A single recovery observation clears the signal — partial flapping doesn't trip the issue file. This intentionally trades earlier detection for fewer false positives.
Why 30 min / 3 obs¶
The thresholds are tuned to the SelfImprovementService 15-min scan cadence:
| Threshold | Why |
|---|---|
MinObservations = 3 |
Two consecutive non-Ok scans could be a single ~15-min Marten connection blip; three rules that out without delaying detection past ~45 min total. |
MinDuration = 30 min |
Two scans apart (15 + 15 = 30 min) is the soonest a "third consecutive non-Ok" can be observed. The threshold matches the natural scan granularity. |
If SelfImprovementService.ScanInterval ever shortens (e.g. to 5 min), both thresholds should track — the policy is parametric, just not via config today.
Lifetime + state¶
This watcher is the first stateful one in the rc#947 set. Others (transient, stateless) read current Marten state per tick. This one accumulates observations across scans because the "≥30 min sustained" signal isn't queryable from a single snapshot.
DI registration:
builder.Services.AddSingleton<DependencyHealthDegradedWatcher>();
builder.Services.AddTransient<ISelfImprovementWatcher>(sp =>
sp.GetRequiredService<DependencyHealthDegradedWatcher>());
Singleton lifetime keeps the rolling buffer; the factory + AddTransient wiring means the IEnumerable<ISelfImprovementWatcher> resolution in SelfImprovementService still discovers it. State is guarded by a private lock — SelfImprovementService runs scans sequentially per cycle but defensive thread-safety is cheap.
Threshold for filing¶
SignatureThreshold = (Count: 3, Window: 7 days).
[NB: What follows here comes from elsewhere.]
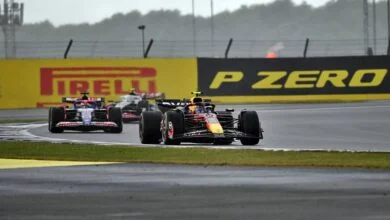 circuito de silverstone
Three occurrences of a degraded dep within a week is the trigger for an auto-filed issue. Per-dep dedup via EvidenceKey = "dep:{name}" means each dep tracks its own count; one bad week of Valkey doesn't suppress a new GitHub API regression.
Convergence¶
Standard rc#947 CloseAndReset convergence (per docs/2026-05-17-convergence-auto-close.md): when the watcher reports zero occurrences for a full scan window, the auto-filed issue closes itself. The signature stays registered as a regression canary.
Out of scope¶
- Per-dep configurable thresholds (env-overridable) — straightforward extension, deferred to demand.
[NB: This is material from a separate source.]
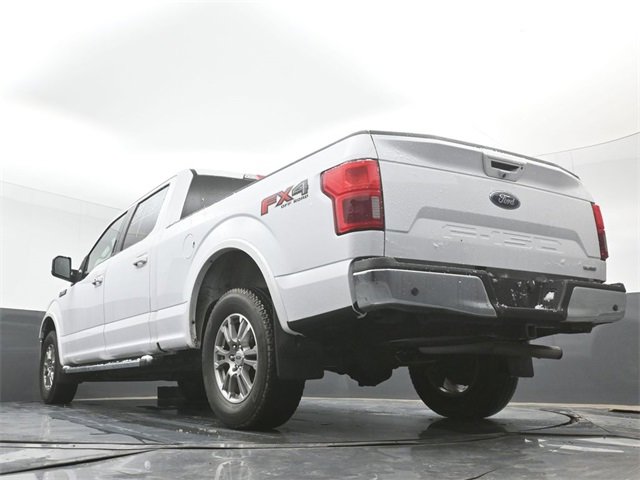 Used 2019 Ford F150 Lariat w/ Equipment Group 501A Mid image 33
- Severity tiers (critical Unreachable → file P1, non-critical Degraded → file P3) — current behaviour is one issue per dep, framed correctly via
(critical|non-critical)in the summary. - HTTP
/healthz/deephistory endpoint for the dashboard — covered in rc#1188 PR-D scope (or a follow-up dashboard slice).
Test coverage¶
| Tier | File | Cases |
|---|---|---|
| 1 (pure policy) | DependencyHealthDegradationPolicyTests |
12 — boundary at MinDuration, just-under, single recovery clears, sustained Degraded fires, mixed-status reports worst, multiple deps emit separate occurrences, non-critical labelling, EvidenceKey dedup |
| 2 (watcher smoke) | DependencyHealthDegradedWatcherTests |
5 — empty checker set, first call doesn't fire, three quick calls don't fire (zero time-span), Degraded path doesn't throw, signature metadata is conventional |
3 (e2e against real DeepHealthService) |
Skipped — requires TimeProvider seam through DeepHealthService (unrelated refactor). Policy tests cover the 30-min threshold logic with synthetic observations. |
See also¶
- rc#1173 — Valkey AbortOnConnectFail incident — the failure mode this watcher targets.
docs/2026-05-19-valkey-abort-on-connect-fail.md— Path A fix (prevented the specific Valkey case).docs/api.md#deep-health-rc1188— the underlying endpoint.docs/2026-05-16-rc-947-self-improvement-service.md— parent framework.